§ THE PROBLEM: Beneath this line are the data; copy exactly the part of them that opens with the line containing "2915 S Budlong Avenue, Los Angeles, CA 90007 2915" and closes with the line containing "Allu Sirish at", and only that part.

** DATA PROVIDED follows **

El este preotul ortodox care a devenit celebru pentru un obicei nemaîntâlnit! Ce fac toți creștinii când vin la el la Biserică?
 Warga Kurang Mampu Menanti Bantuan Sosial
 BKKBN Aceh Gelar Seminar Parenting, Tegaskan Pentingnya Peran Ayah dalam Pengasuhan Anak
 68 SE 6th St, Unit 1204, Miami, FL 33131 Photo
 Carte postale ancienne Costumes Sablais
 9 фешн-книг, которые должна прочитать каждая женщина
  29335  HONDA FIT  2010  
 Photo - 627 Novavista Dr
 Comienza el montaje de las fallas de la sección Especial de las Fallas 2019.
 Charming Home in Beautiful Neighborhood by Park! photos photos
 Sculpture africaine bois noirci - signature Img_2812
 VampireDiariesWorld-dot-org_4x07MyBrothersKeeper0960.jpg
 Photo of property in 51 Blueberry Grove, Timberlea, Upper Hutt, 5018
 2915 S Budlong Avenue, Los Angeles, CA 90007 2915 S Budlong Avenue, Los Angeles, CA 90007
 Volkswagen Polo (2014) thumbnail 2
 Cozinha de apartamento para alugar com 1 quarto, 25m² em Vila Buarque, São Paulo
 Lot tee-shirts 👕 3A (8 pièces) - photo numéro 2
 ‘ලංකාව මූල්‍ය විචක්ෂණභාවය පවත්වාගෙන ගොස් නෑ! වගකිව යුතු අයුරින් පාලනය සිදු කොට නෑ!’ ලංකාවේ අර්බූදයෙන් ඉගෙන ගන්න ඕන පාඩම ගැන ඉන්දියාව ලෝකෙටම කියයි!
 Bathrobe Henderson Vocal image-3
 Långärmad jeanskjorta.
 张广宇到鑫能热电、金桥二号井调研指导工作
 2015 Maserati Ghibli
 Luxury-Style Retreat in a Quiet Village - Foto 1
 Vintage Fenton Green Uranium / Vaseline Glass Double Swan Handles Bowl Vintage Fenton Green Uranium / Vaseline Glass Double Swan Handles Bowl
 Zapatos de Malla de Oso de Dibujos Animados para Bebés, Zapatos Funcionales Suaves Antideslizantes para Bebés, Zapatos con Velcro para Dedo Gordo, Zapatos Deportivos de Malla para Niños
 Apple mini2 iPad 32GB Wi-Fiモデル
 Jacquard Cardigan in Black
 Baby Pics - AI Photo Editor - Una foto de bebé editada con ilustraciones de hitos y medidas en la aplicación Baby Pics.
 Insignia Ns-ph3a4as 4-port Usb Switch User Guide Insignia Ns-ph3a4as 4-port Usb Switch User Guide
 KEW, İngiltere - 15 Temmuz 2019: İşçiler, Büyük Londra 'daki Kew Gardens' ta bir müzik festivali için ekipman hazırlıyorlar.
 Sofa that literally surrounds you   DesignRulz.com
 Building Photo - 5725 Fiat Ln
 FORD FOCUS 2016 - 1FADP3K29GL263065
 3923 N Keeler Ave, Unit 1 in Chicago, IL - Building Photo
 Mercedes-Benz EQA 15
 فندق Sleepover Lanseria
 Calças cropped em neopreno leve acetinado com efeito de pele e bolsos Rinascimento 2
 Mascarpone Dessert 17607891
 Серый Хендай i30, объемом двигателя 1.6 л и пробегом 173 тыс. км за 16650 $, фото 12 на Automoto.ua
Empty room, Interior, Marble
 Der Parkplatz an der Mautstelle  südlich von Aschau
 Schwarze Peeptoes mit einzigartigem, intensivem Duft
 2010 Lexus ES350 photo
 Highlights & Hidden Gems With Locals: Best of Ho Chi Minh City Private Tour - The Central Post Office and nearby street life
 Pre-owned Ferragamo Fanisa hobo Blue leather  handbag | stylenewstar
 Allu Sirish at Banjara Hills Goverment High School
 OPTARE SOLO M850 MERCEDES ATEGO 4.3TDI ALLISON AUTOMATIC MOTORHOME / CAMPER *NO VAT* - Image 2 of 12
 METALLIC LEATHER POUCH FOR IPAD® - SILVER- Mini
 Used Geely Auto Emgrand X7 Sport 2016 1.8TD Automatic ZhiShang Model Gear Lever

** End of DATA PROVIDED **

§ SOLVED PROBLEM:
 2915 S Budlong Avenue, Los Angeles, CA 90007 2915 S Budlong Avenue, Los Angeles, CA 90007
 Volkswagen Polo (2014) thumbnail 2
 Cozinha de apartamento para alugar com 1 quarto, 25m² em Vila Buarque, São Paulo
 Lot tee-shirts 👕 3A (8 pièces) - photo numéro 2
 ‘ලංකාව මූල්‍ය විචක්ෂණභාවය පවත්වාගෙන ගොස් නෑ! වගකිව යුතු අයුරින් පාලනය සිදු කොට නෑ!’ ලංකාවේ අර්බූදයෙන් ඉගෙන ගන්න ඕන පාඩම ගැන ඉන්දියාව ලෝකෙටම කියයි!
 Bathrobe Henderson Vocal image-3
 Långärmad jeanskjorta.
 张广宇到鑫能热电、金桥二号井调研指导工作
 2015 Maserati Ghibli
 Luxury-Style Retreat in a Quiet Village - Foto 1
 Vintage Fenton Green Uranium / Vaseline Glass Double Swan Handles Bowl Vintage Fenton Green Uranium / Vaseline Glass Double Swan Handles Bowl
 Zapatos de Malla de Oso de Dibujos Animados para Bebés, Zapatos Funcionales Suaves Antideslizantes para Bebés, Zapatos con Velcro para Dedo Gordo, Zapatos Deportivos de Malla para Niños
 Apple mini2 iPad 32GB Wi-Fiモデル
 Jacquard Cardigan in Black
 Baby Pics - AI Photo Editor - Una foto de bebé editada con ilustraciones de hitos y medidas en la aplicación Baby Pics.
 Insignia Ns-ph3a4as 4-port Usb Switch User Guide Insignia Ns-ph3a4as 4-port Usb Switch User Guide
 KEW, İngiltere - 15 Temmuz 2019: İşçiler, Büyük Londra 'daki Kew Gardens' ta bir müzik festivali için ekipman hazırlıyorlar.
 Sofa that literally surrounds you   DesignRulz.com
 Building Photo - 5725 Fiat Ln
 FORD FOCUS 2016 - 1FADP3K29GL263065
 3923 N Keeler Ave, Unit 1 in Chicago, IL - Building Photo
 Mercedes-Benz EQA 15
 فندق Sleepover Lanseria
 Calças cropped em neopreno leve acetinado com efeito de pele e bolsos Rinascimento 2
 Mascarpone Dessert 17607891
 Серый Хендай i30, объемом двигателя 1.6 л и пробегом 173 тыс. км за 16650 $, фото 12 на Automoto.ua
Empty room, Interior, Marble
 Der Parkplatz an der Mautstelle  südlich von Aschau
 Schwarze Peeptoes mit einzigartigem, intensivem Duft
 2010 Lexus ES350 photo
 Highlights & Hidden Gems With Locals: Best of Ho Chi Minh City Private Tour - The Central Post Office and nearby street life
 Pre-owned Ferragamo Fanisa hobo Blue leather  handbag | stylenewstar
 Allu Sirish at Banjara Hills Goverment High School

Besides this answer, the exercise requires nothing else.